Shooting: Laxness behind lapses - Shooting body chief

The National Shooting Centre was closed on Feb 7, 2016.
The National Shooting Centre was closed on Feb 7, 2016. ST PHOTO: SEAH KWANG PENG

A tighter rein will be kept on armoury management at the National Shooting Centre (NSC) with licensing watched closely in particular, following an unprecedented seizure of firearms from the facility last week.

Singapore Shooting Association (SSA) president Michael Vaz told The Straits Times yesterday that, having run into resistance while trying to introduce a security revamp over the last year, the latest episode now means additional backing from Sport Singapore (SportSG) and other stakeholders to crack the whip.

"This was a complete lapse and breach of every rule in running an armoury. It's a major issue," he said.

 

While one or two licensing irregularities showing up on routine audits is fairly common, this latest check of the Old Choa Chu Kang Road facility that resulted in the police seizing a total of 77 firearms is out of the ordinary.

Among the firearms seized: One with an expired licence came under the Safra Shooting Club, one belonged to a Singapore Gun Club (SGC) member who had not paid the licence fee, while the rest came under the Singapore Rifle Association (SRA). All are member clubs of the SSA.

It is believed these irregularities are a result of some of the arms not having the proper licences. This could be due to members quitting the club, leaving the country or, in some cases, having passed away.

A statement from the Singapore Police Force said: "On Feb 2, the Police Licensing & Regulatory Department conducted an arms audit at the armouries of the SGC and the SRA. Due to serious licensing irregularities, the police took possession of a number of arms. Police investigations are ongoing."

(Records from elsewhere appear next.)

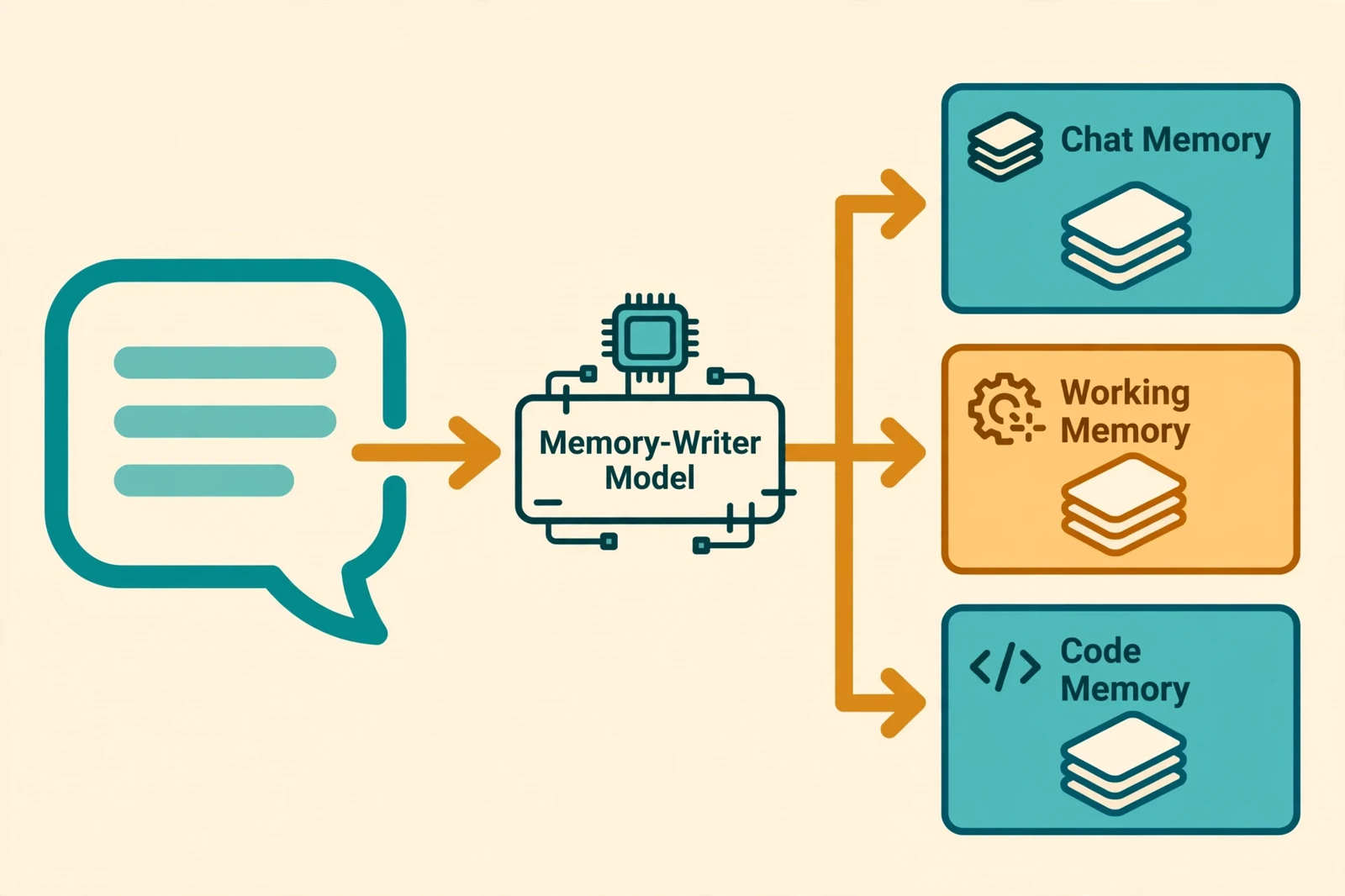 Diagram: a conversation flows into the memory-writer model, which files memories into chat, working, and code memory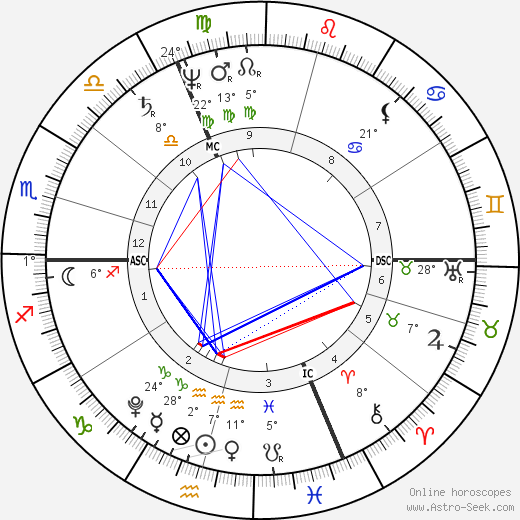 Friedrich von Schelling birth chart, biography, wikipedia 2023, 2024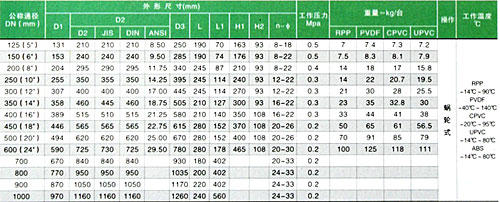 D371-10S/F2��΁݆ʽ���y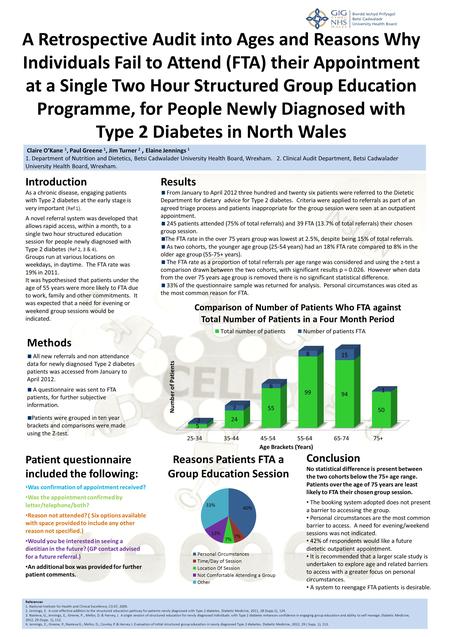 I A Retrospective Audit into Ages and Reasons Why Individuals Fail to Attend (FTA) their Appointment at a Single Two Hour Structured Group Education Programme,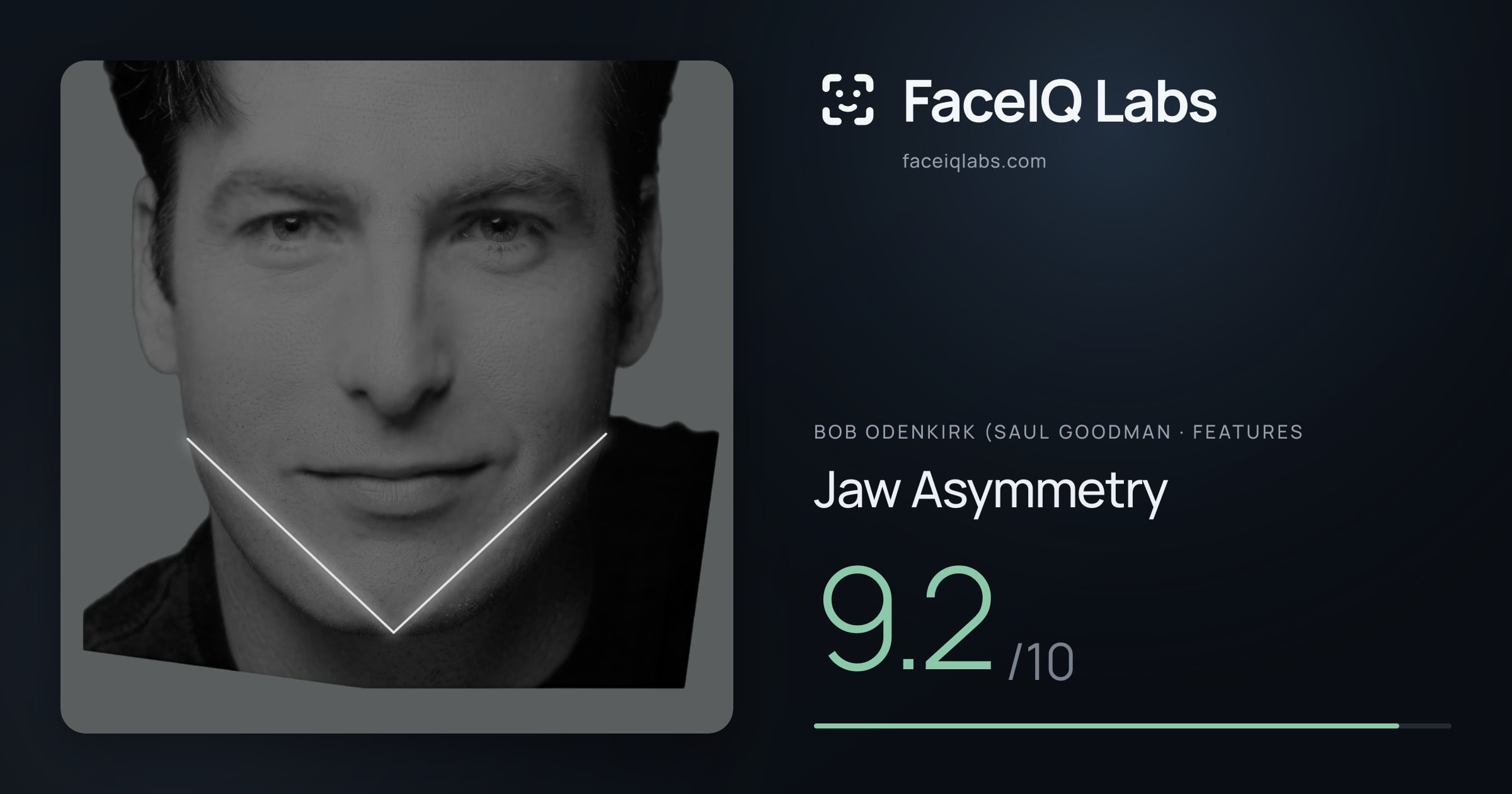 Bob Odenkirk (Saul Goodman Jaw Asymmetry: 9.2/10, drawn on the photo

SportSG, the national sports governing body, has closed the ranges at the NSC while the issue is being resolved. It will give the green light to reopen the facility after the police sign off on it.

The Straits Times understands that such lapses, if left unaddressed, could lead to the police withdrawing the licence to operate the armoury.

In response to queries from ST, an SRA official said the club will cooperate fully with investigations.

Said Mr Conrad Chung, the SRA's first assistant honorary secretary: "We are disappointed and regret this has happened, and are unaware of such an event ever occurring in our history.

"We will work with the authorities in relation to systems and procedures in order to achieve the highest level of safety and security."

While a scheduled annual shoot involving Singapore and Japan shooters this weekend at the NSC has been cancelled, provisions have been made for the national shooters to continue training at the facility so that their training will not be affected.

The SGC has informed its members of the temporary closure of the range while reminding them to renew their firearms licences on time.

Mr Vaz, who is also the SGC's president, said lax attitudes in terms of managing an armoury have led to these lapses.

He said: "This is the first time I've heard (of so many lapses).

"The audit was far more intensive than ever before. We decided to close the NSC to facilitate the investigations, help clean things up faster."